Problem requirements >>
Write out exactly the lines between the line containing "Used 2020 Porsche Cayenne image 23" and the end of the records, counting both ends, and leave out all pictures.

Material shown >>

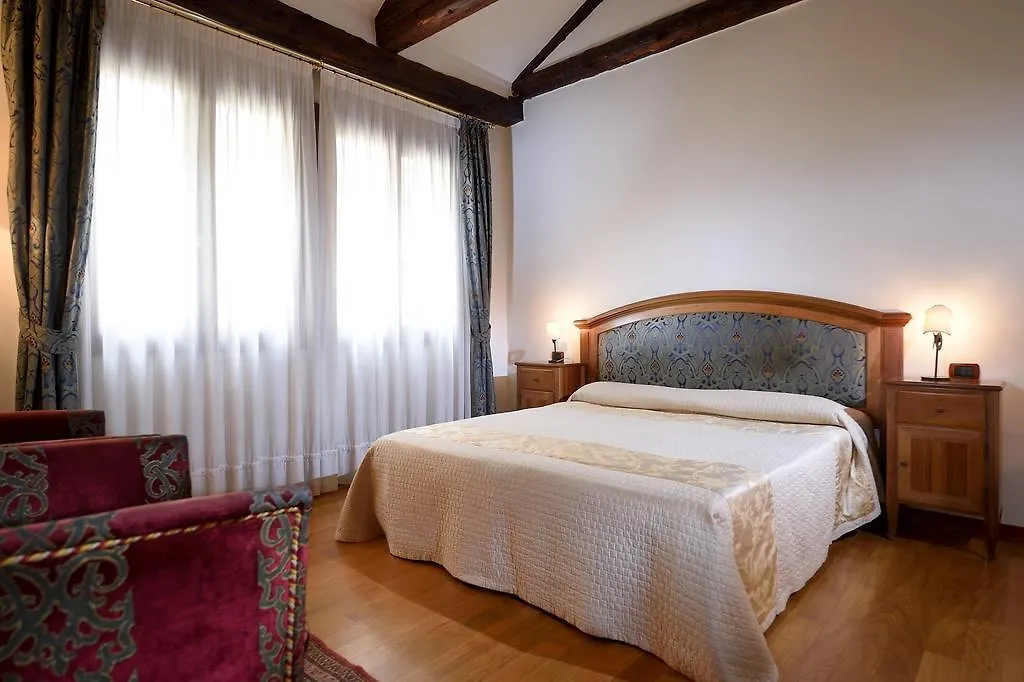 Hotel Abbazia Venecia 3*,  Italia
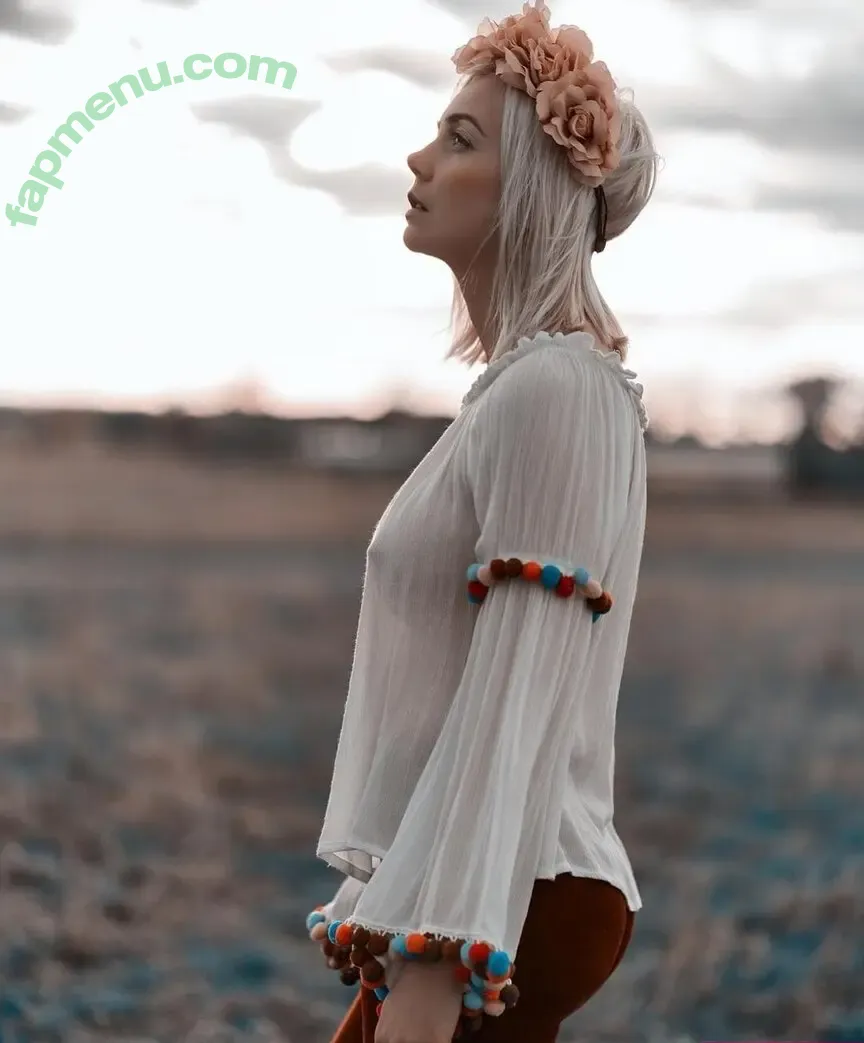 Sexy Julia nude photo #0022 (einfachechtjulia / sexyjulia.unfiltered)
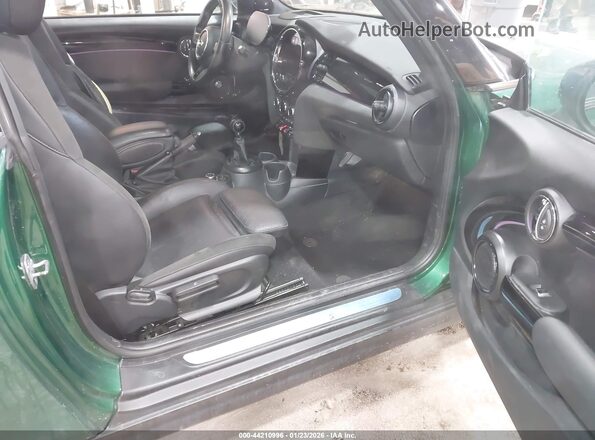 WMW53DH06R2V29900 2024 MINI HARDTOP Зеленый Вид салона спереди
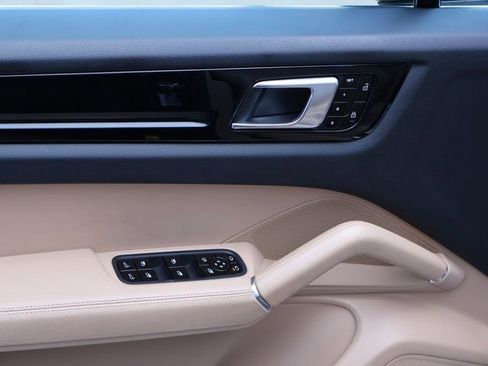 Used 2020 Porsche Cayenne image 23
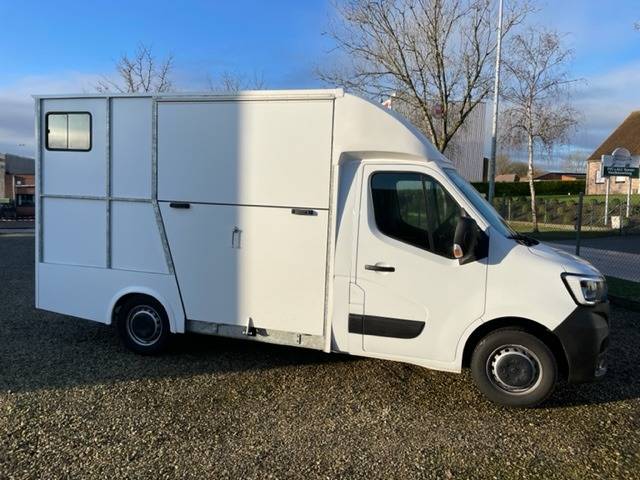 Camion chevaux carrosserie neuve AP Petit 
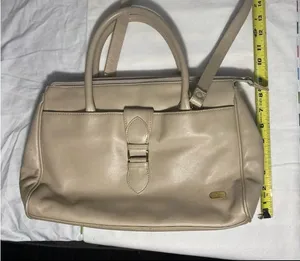Liz Claiborne Classic Cream Leather Satchel Handbag thumbnail 1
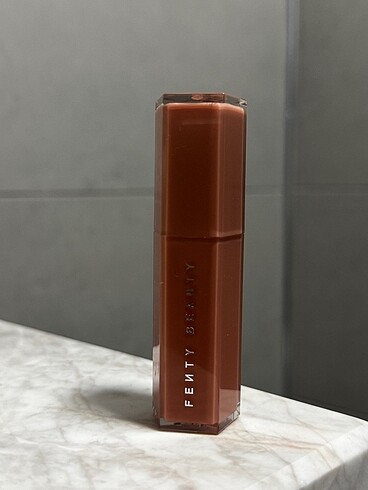 Fenty Beauty Fenty Glow Stix Gloss
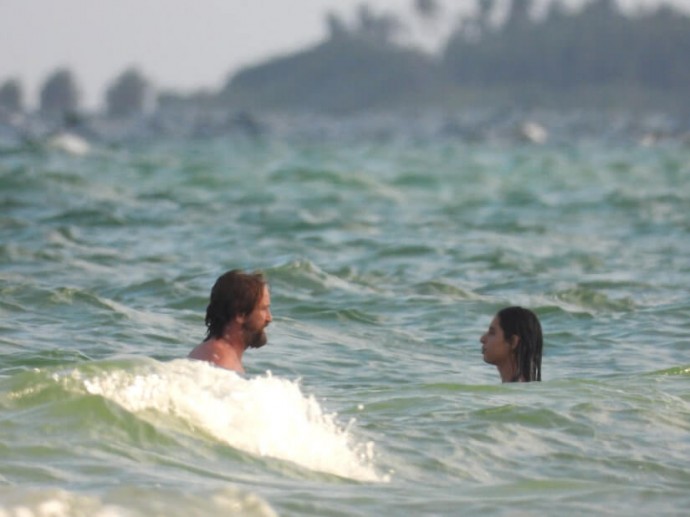 Холостяк Джерард Батлер замечен с новой девушкой на диком пляже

Output of the exercise >>
 Used 2020 Porsche Cayenne image 23
 Camion chevaux carrosserie neuve AP Petit 
Liz Claiborne Classic Cream Leather Satchel Handbag thumbnail 1
 Fenty Beauty Fenty Glow Stix Gloss
 Холостяк Джерард Батлер замечен с новой девушкой на диком пляже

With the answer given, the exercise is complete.